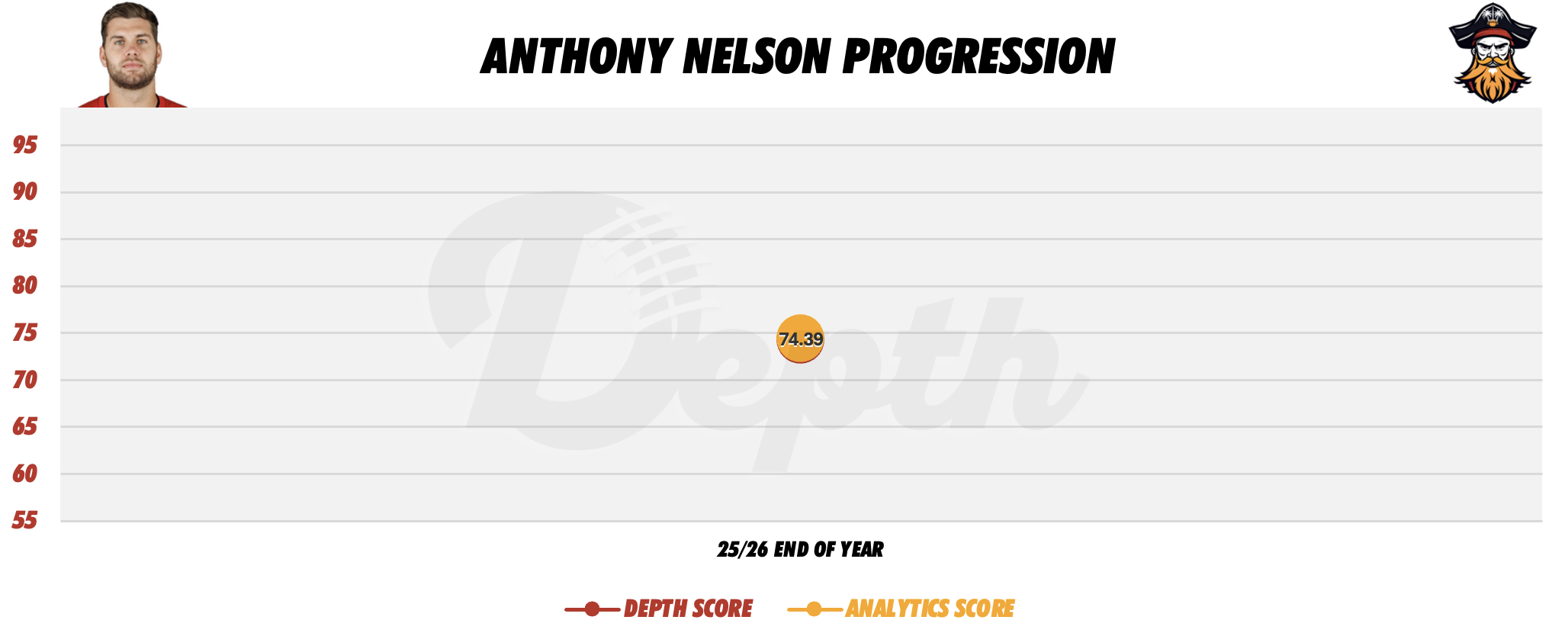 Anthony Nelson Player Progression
#####
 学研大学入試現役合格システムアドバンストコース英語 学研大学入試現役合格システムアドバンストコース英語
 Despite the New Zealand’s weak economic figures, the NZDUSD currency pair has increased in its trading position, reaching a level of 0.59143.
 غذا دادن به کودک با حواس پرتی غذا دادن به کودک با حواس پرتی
#####
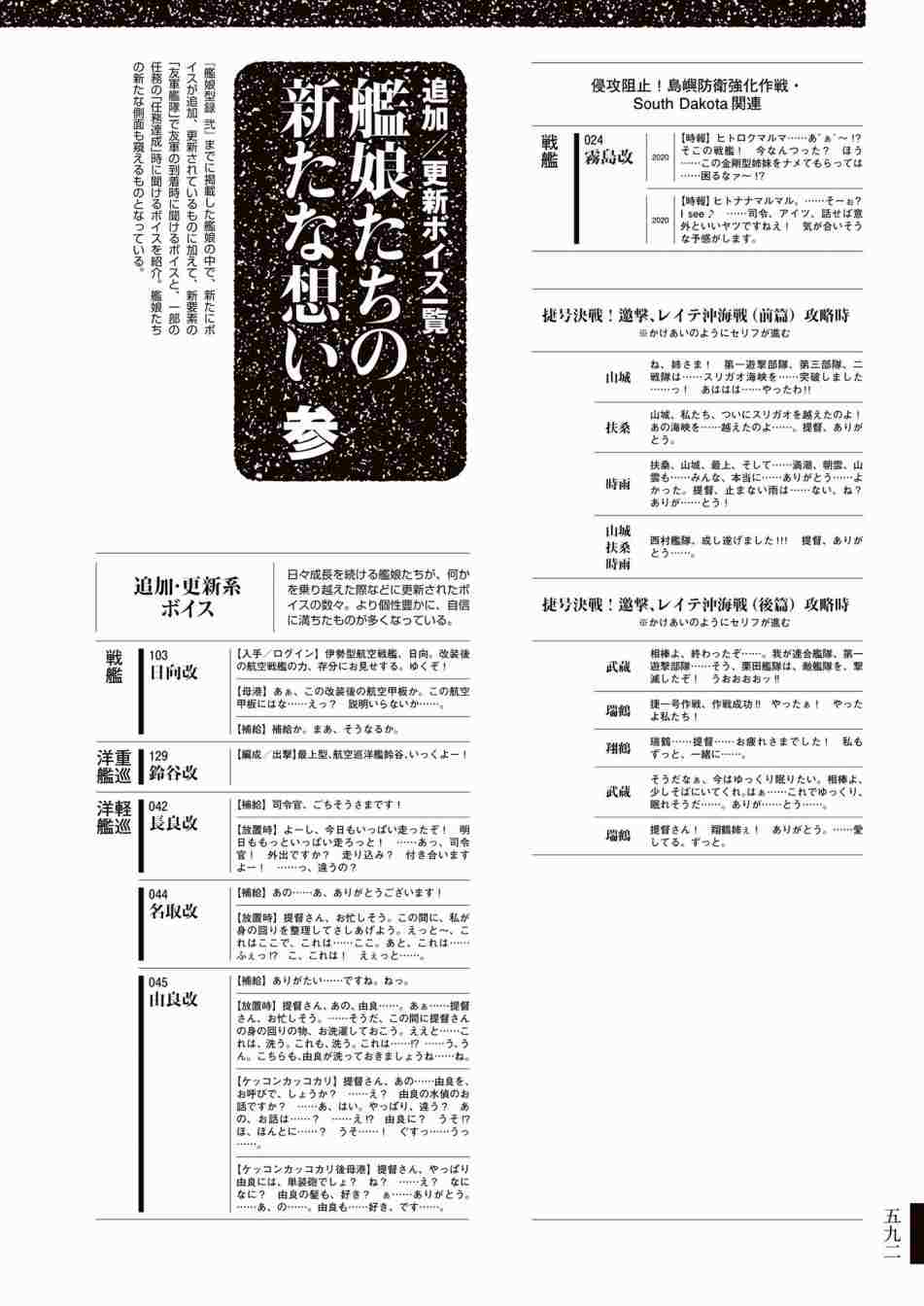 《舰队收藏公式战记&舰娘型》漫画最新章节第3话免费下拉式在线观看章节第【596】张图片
#####
PROBLEM TO SOLVE. Would you please repeat exactly the lines above, starting at the line with "Despite the New" and stopping at the line with "غذا دادن به کودک با حواس پرتی غذا", both included?

EXPECTED ANSWER.
 Despite the New Zealand’s weak economic figures, the NZDUSD currency pair has increased in its trading position, reaching a level of 0.59143.
 غذا دادن به کودک با حواس پرتی غذا دادن به کودک با حواس پرتی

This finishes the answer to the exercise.